■ What the task asks: Please read the records below and return each line holding the string "Picture".

■ Given records:

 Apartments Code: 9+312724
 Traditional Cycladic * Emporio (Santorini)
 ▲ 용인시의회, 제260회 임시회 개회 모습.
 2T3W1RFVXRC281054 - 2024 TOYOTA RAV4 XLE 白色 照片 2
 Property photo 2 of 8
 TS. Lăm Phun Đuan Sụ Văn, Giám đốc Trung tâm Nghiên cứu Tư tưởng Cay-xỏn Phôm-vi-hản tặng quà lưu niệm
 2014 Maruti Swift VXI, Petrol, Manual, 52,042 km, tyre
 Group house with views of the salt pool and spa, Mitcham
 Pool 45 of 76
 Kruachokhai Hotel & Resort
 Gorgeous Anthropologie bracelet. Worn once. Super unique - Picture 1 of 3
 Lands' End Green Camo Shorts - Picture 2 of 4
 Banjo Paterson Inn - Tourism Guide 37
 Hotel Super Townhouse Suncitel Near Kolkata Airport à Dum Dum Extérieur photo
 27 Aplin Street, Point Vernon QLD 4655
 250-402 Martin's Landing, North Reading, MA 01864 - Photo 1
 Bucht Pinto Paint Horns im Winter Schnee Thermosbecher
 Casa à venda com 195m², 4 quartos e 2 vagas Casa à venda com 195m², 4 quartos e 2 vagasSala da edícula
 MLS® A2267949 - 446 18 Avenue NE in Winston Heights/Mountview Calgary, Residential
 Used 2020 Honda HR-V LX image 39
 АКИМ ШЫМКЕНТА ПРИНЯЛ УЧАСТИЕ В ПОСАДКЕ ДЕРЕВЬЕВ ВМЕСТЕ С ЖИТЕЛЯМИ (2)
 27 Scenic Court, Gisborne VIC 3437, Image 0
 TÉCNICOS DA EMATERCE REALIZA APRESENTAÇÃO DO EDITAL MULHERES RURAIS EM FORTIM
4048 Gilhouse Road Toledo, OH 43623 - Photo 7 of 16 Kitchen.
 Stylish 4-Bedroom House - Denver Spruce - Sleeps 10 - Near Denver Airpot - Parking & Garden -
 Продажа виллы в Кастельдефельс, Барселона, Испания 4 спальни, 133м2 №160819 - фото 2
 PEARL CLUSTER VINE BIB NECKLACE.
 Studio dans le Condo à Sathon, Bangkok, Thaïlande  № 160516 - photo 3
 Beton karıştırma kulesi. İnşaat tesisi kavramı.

■ Response below:
 Gorgeous Anthropologie bracelet. Worn once. Super unique - Picture 1 of 3
 Lands' End Green Camo Shorts - Picture 2 of 4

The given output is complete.